You are viewing a plain text version of this content. The canonical link for it is here.
Posted to user@avro.apache.org by Michael Moss <mi...@gmail.com> on 2013/05/11 00:16:59 UTC

avro.java.string vs utf8 compatibility in recent pig and hive versions

Hello,

It looks like representing avro strings as Utf8 provide some interesting
performance enhancements, but I'm wondering if folks out there are actually
using it in practice, or have had any issues with it.
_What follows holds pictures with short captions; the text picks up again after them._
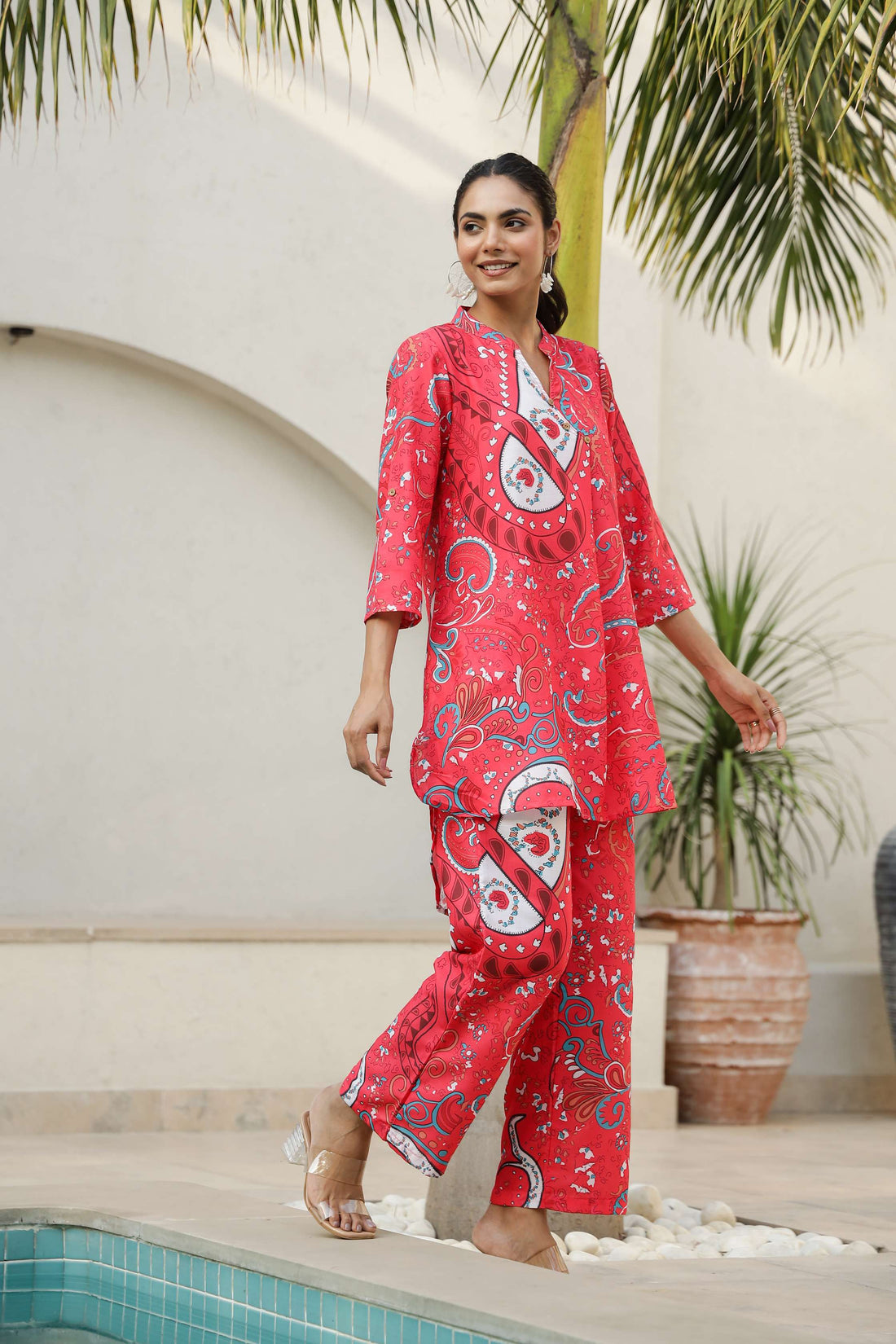 Vibrant Red Paisley Print Co-Ord Set for Women – Bold & Boho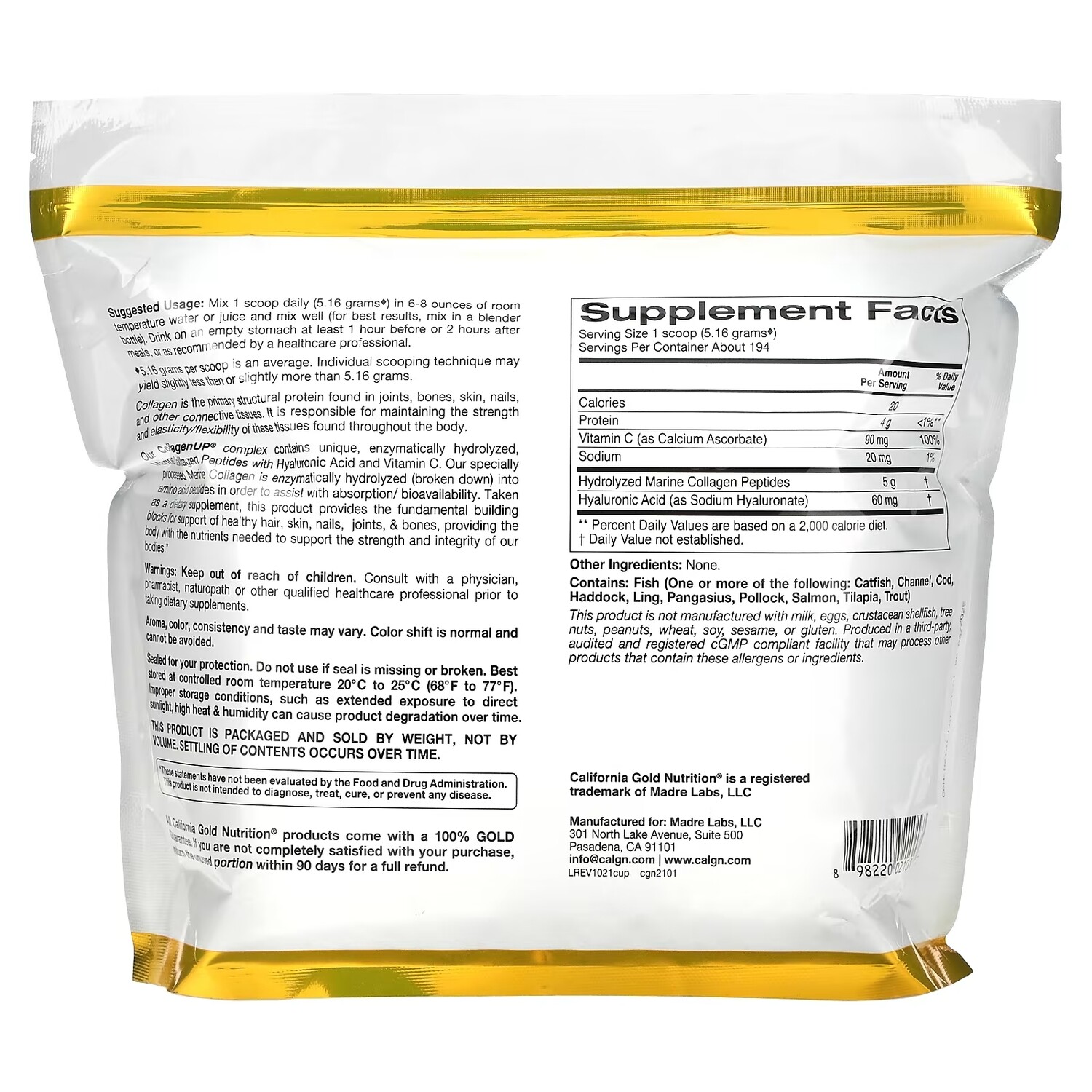 картинка Коллаген California Gold Nutrition, 1000 г от магазина Одежда+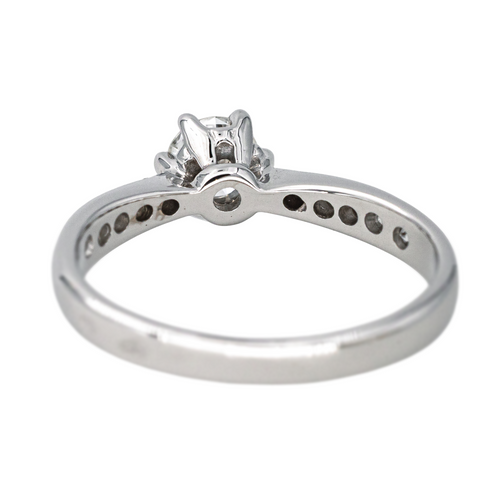 Bague 52 Bague solitaire en or blanc 18 carats et diamants 58 Facettes 4520968RV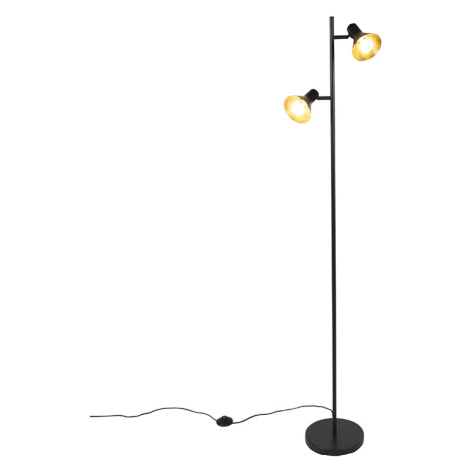 Moderná stojaca lampa čierna so zlatými 2-svetlami - Magno QAZQA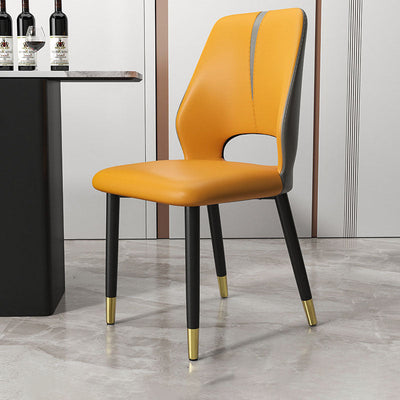 Modern Luxury Square Cushion Leather Carbon Steel Dining Chair Backrest For Dining Room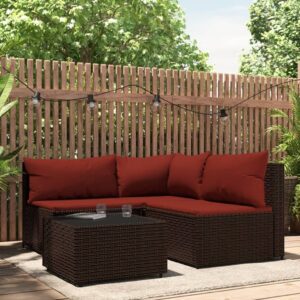 4 részes barna polyrattan kerti ülőgarnitúra párnákkal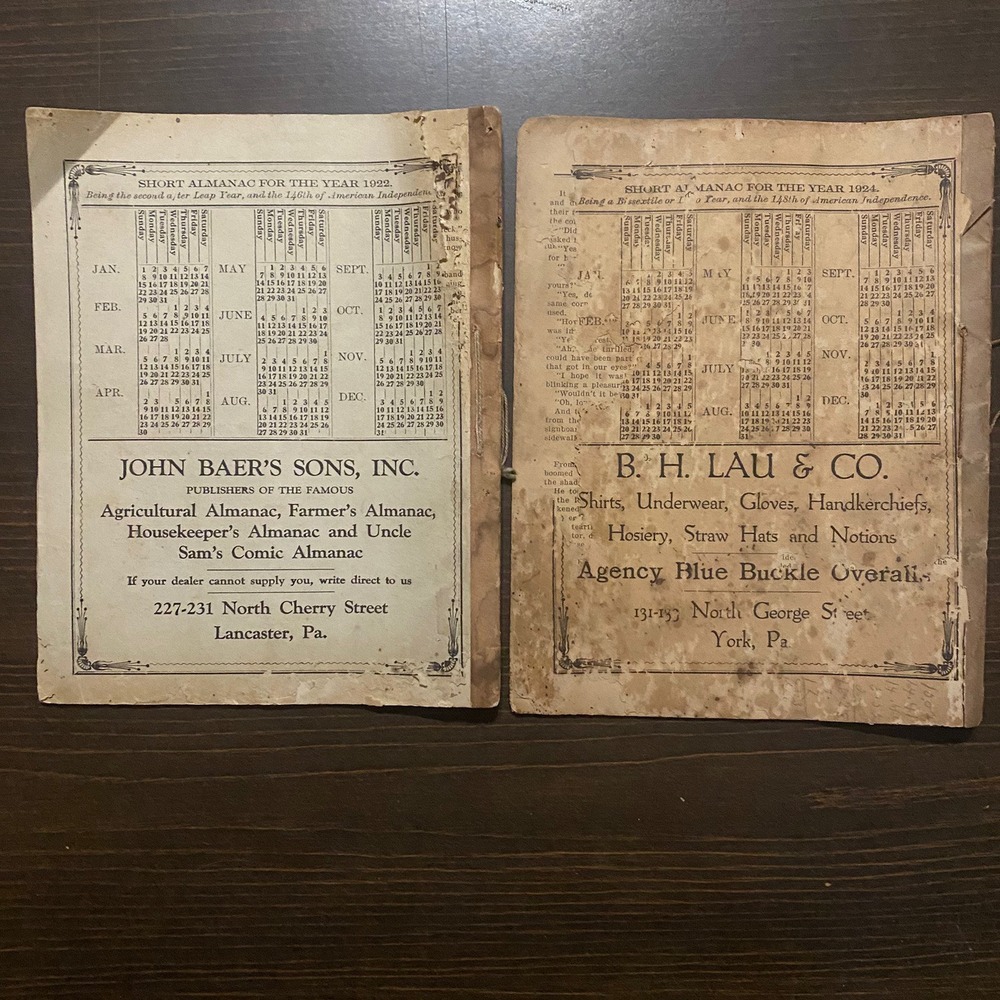9 Antique Agricultural Almanacs 1920-1922 1924-1929 John Baer's Sons Lancaster - Picture 9 of 16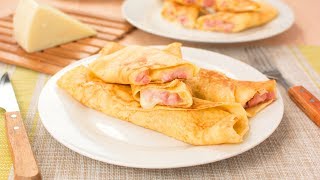 Ham amp Cheese Savory Crepes  How to Make Ham amp Cheese Filled Crepes [upl. by Mendez334]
We have recently run into an issue where our avro files which represents
strings as "avro.java.string" are causing ClassCastExceptions because Pig
and Hive are expecting them to be Utf8. The exceptions occur when using
avro-1.7.x.jar, but dissapear when using version avro-1.5.3.jar.

I'm wondering if this is something that should be addressed in the avro
jar, or in pig and hive like this thread suggests:
https://issues.apache.org/jira/browse/PIG-3297

Here are the exceptions we are seeing:
*Hive:*
Caused by: java.lang.ClassCastException: java.lang.String cannot be cast to
org.apache.avro.util.Utf8        at
org.apache.hadoop.hive.serde2.avro.AvroDeserializer.deserializeMap(AvroDeserializer.java:253)

*Pig:*
Caused by: java.io.IOException: java.lang.ClassCastException:
java.lang.String cannot be cast to org.apache.avro.util.Utf8
at
org.apache.pig.piggybank.storage.avro.AvroStorage.getNext(AvroStorage.java:275)
 at
org.apache.pig.backend.hadoop.executionengine.mapReduceLayer.PigRecordReader.nextKeyValue(PigRecordReader.java:194)
at
org.apache.hadoop.mapred.MapTask$NewTrackingRecordReader.nextKeyValue(MapTask.java:532)

Thanks.

-Mike

Re: avro.java.string vs utf8 compatibility in recent pig and hive versions

Posted by Scott Carey <sc...@apache.org>.
The change in the Pig loader in PIG-3297 seems correct ‹ they must use
CharSequence, not Utf8.

I suspect that the Avro 1.5.3.jar does not respect the "avro.java.string"
property and is using Utf8 (for the API that Pig is using), but have not
confirmed it.  "avro.java.string" is an optional hint for the Java
implementation.

On the Avro side, we may be able to make a modification that allows one to
configure a decoder or encoder to ignore the "avro.java.string" property.
Perhaps it could look for a system property as an override to help with
cases like this.


On 5/10/13 3:16 PM, "Michael Moss" <mi...@gmail.com> wrote:

> Hello, 
> 
> It looks like representing avro strings as Utf8 provide some interesting
> performance enhancements, but I'm wondering if folks out there are actually
> using it in practice, or have had any issues with it.
> 
> We have recently run into an issue where our avro files which represents
> strings as "avro.java.string" are causing ClassCastExceptions because Pig and
> Hive are expecting them to be Utf8. The exceptions occur when using
> avro-1.7.x.jar, but dissapear when using version avro-1.5.3.jar.
> 
> I'm wondering if this is something that should be addressed in the avro jar,
> or in pig and hive like this thread suggests:
> https://issues.apache.org/jira/browse/PIG-3297
> 
> Here are the exceptions we are seeing:
> Hive:
> Caused by: java.lang.ClassCastException: java.lang.String cannot be cast to
> org.apache.avro.util.Utf8        at
> org.apache.hadoop.hive.serde2.avro.AvroDeserializer.deserializeMap(AvroDeseria
> lizer.java:253)
> 
> Pig:
> Caused by: java.io.IOException: java.lang.ClassCastException: java.lang.String
> cannot be cast to org.apache.avro.util.Utf8
> at 
> 
org.apache.pig.piggybank.storage.avro.AvroStorage.getNext(AvroStorage.java:275>
)
> at 
> org.apache.pig.backend.hadoop.executionengine.mapReduceLayer.PigRecordReader.n
> extKeyValue(PigRecordReader.java:194)
> at 
> org.apache.hadoop.mapred.MapTask$NewTrackingRecordReader.nextKeyValue(MapTask.
> java:532)
> 
> Thanks.
> 
> -Mike
> 
>